» **Supplied information**:
##########

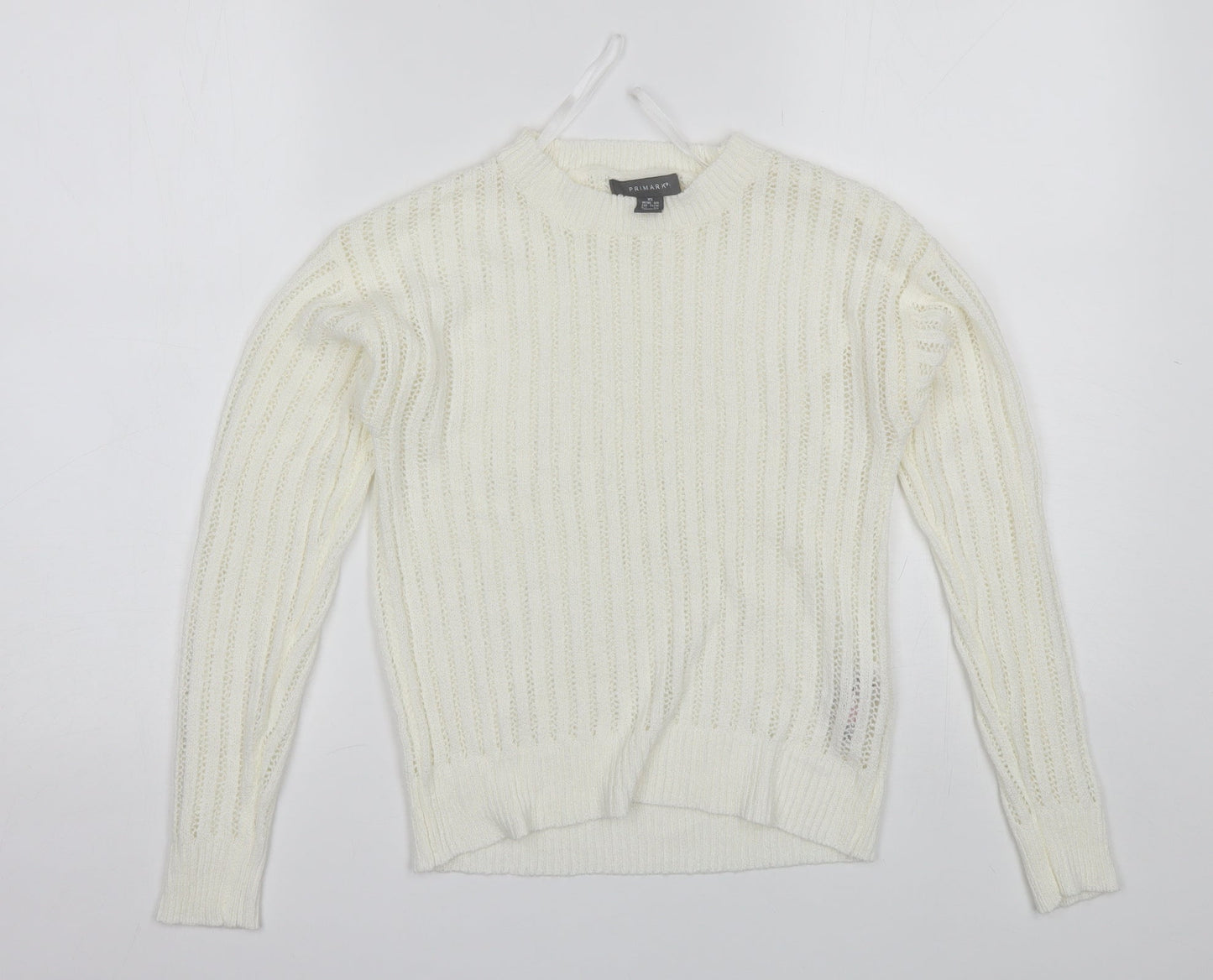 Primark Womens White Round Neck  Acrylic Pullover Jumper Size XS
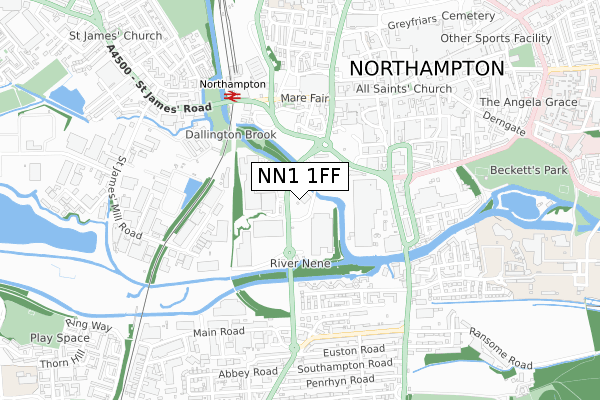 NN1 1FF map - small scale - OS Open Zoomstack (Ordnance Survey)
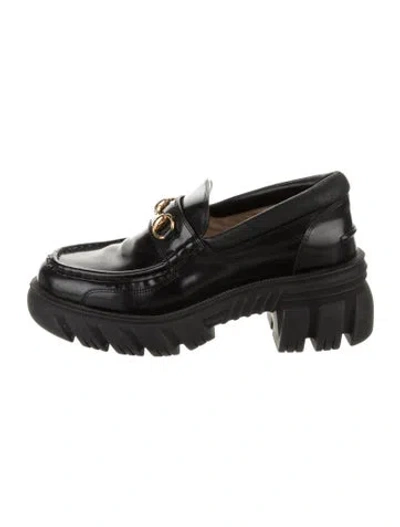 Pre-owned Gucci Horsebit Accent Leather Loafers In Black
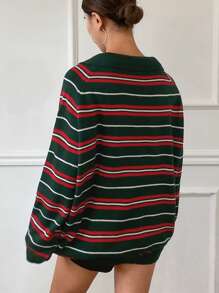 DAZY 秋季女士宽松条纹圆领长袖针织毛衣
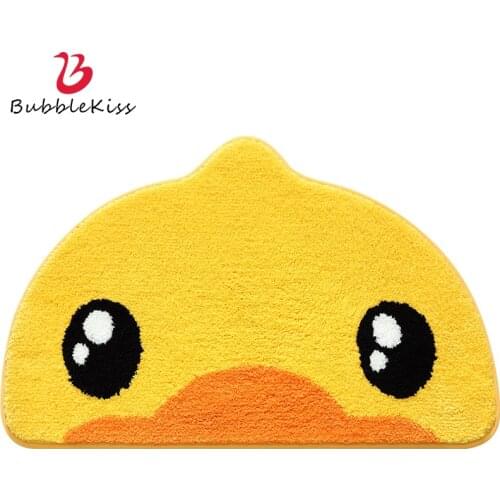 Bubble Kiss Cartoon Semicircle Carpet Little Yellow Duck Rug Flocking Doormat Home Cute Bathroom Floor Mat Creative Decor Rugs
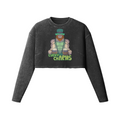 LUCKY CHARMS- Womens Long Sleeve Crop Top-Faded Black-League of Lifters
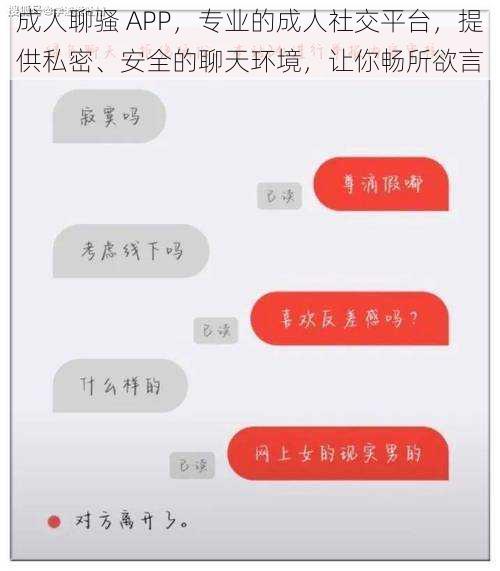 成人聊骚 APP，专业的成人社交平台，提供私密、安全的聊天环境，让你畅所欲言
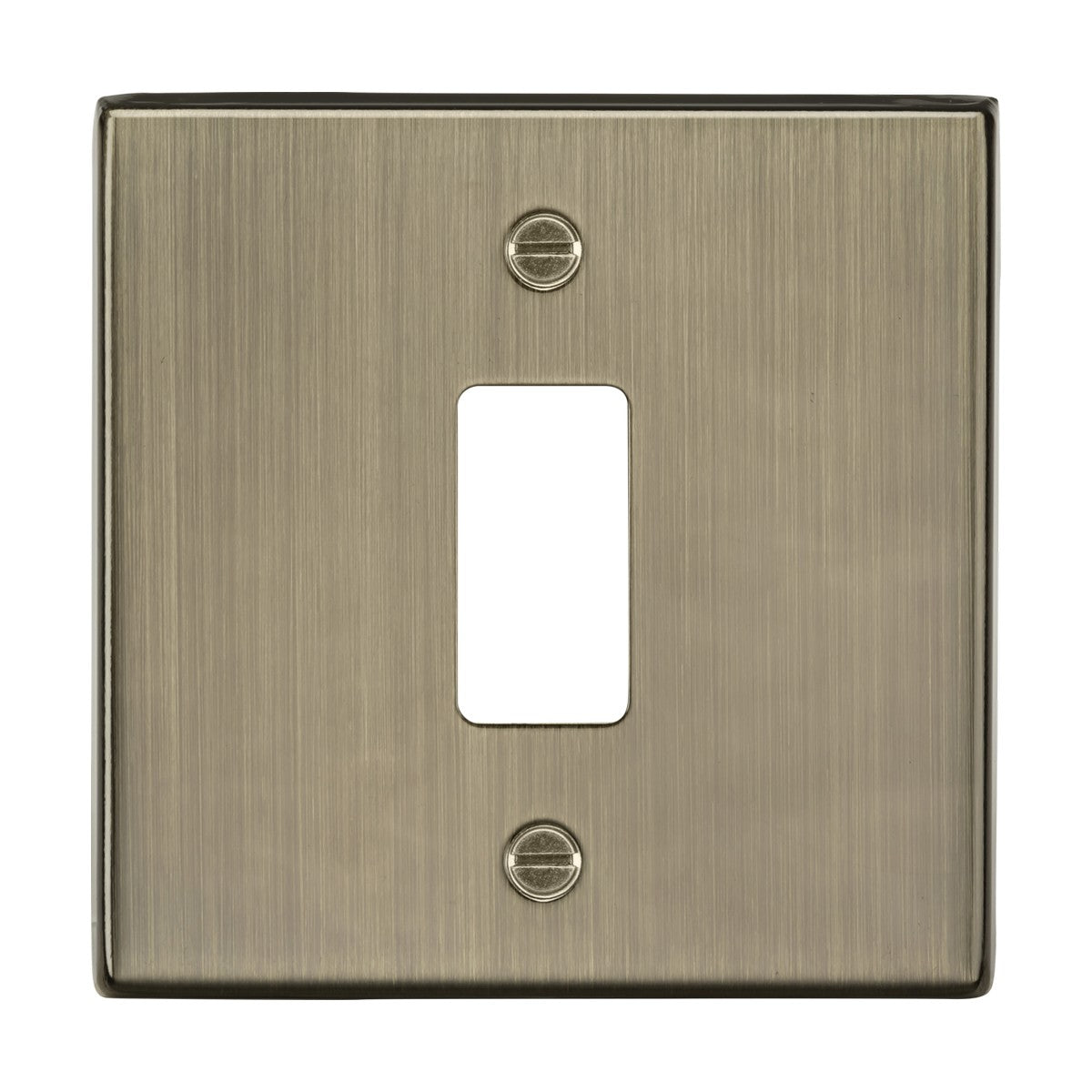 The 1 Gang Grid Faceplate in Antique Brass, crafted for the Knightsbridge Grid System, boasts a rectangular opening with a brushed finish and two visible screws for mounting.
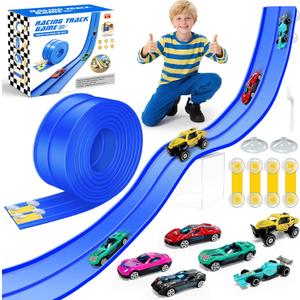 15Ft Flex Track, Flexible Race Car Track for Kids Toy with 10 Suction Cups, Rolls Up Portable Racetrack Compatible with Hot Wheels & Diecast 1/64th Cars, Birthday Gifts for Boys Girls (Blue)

##########

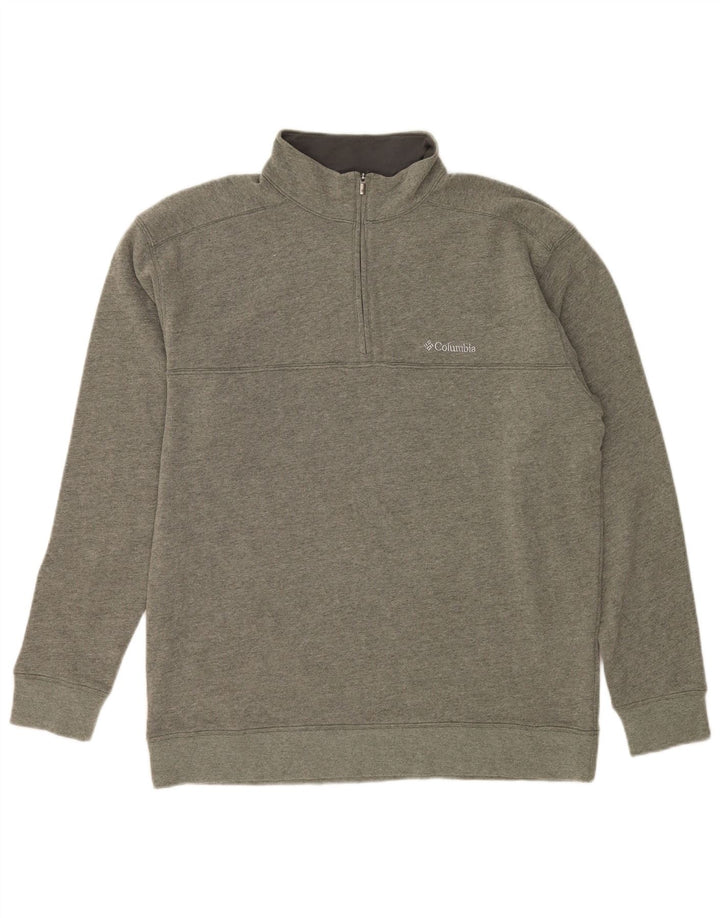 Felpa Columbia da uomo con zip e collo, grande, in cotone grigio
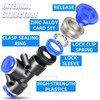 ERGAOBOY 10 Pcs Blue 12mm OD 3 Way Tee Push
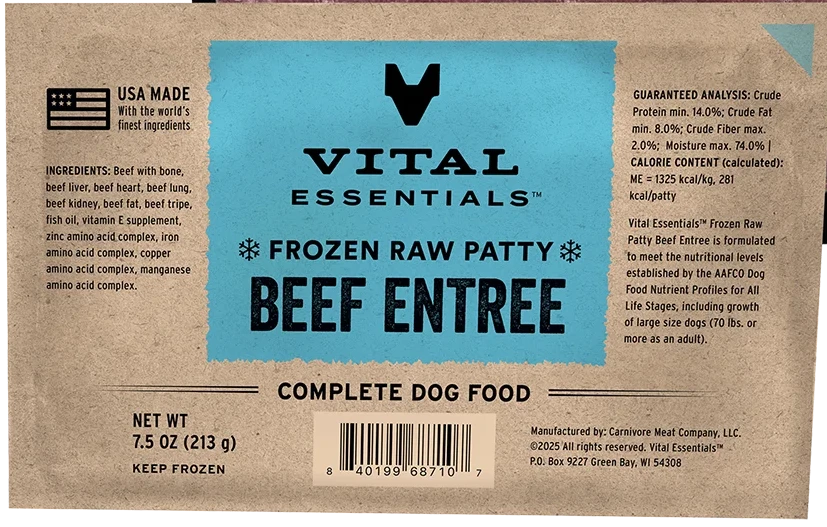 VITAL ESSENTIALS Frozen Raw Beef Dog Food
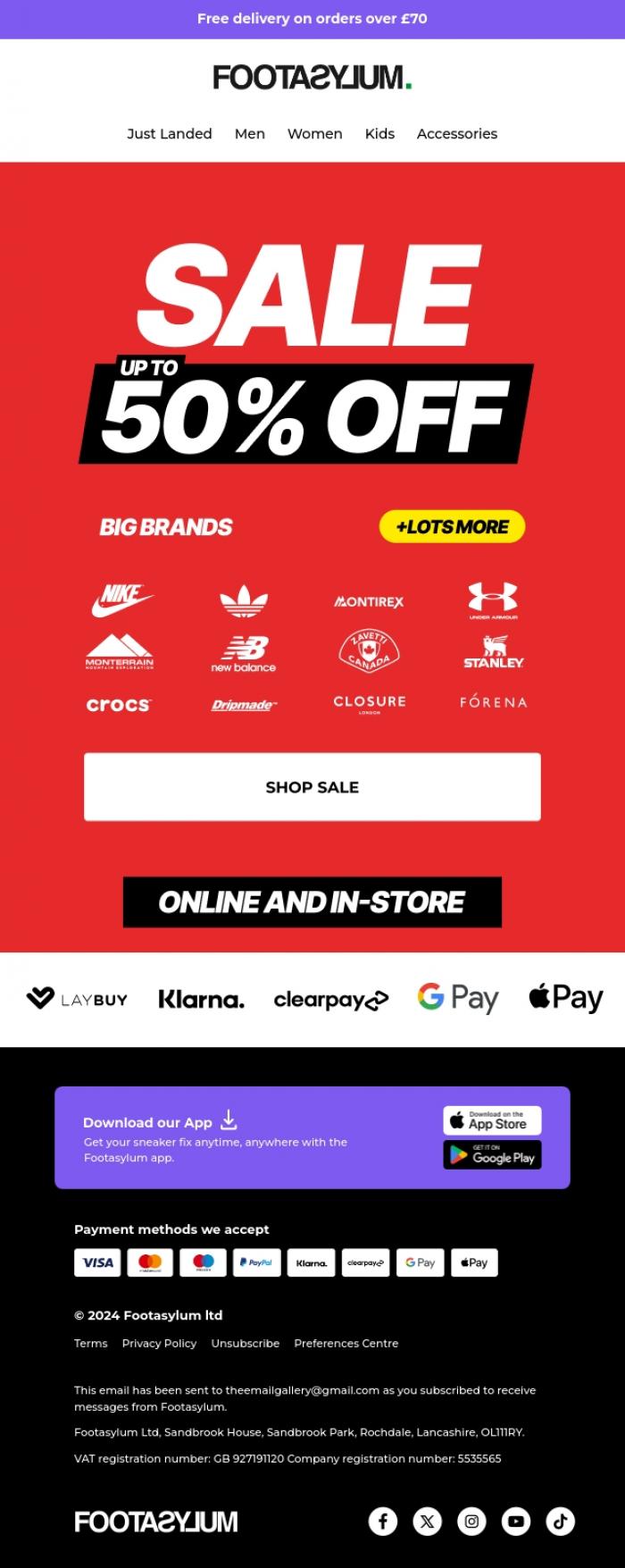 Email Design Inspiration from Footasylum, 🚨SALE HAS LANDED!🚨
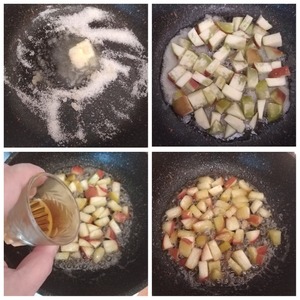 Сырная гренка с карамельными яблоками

##########

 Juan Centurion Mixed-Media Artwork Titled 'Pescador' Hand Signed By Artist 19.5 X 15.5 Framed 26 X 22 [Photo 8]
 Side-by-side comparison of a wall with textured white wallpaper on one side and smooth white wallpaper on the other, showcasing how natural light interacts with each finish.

##########

» **About this task**: Would you please reproduce the entries above, starting at the line with "NN1 1FF map" and stopping after the line with "15Ft Flex Track, Flexible"? Omit any pictures.

» **Solution for this exercise**:
 NN1 1FF map - small scale - OS Open Zoomstack (Ordnance Survey)
 Pre-owned Gucci Horsebit Accent Leather Loafers In Black
 DAZY 秋季女士宽松条纹圆领长袖针织毛衣
 Bubble Kiss Cartoon Semicircle Carpet Little Yellow Duck Rug Flocking Doormat Home Cute Bathroom Floor Mat Creative Decor Rugs
 LUCKY CHARMS- Womens Long Sleeve Crop Top-Faded Black-League of Lifters
 成人聊骚 APP，专业的成人社交平台，提供私密、安全的聊天环境，让你畅所欲言
 The 1 Gang Grid Faceplate in Antique Brass, crafted for the Knightsbridge Grid System, boasts a rectangular opening with a brushed finish and two visible screws for mounting.
 15Ft Flex Track, Flexible Race Car Track for Kids Toy with 10 Suction Cups, Rolls Up Portable Racetrack Compatible with Hot Wheels & Diecast 1/64th Cars, Birthday Gifts for Boys Girls (Blue)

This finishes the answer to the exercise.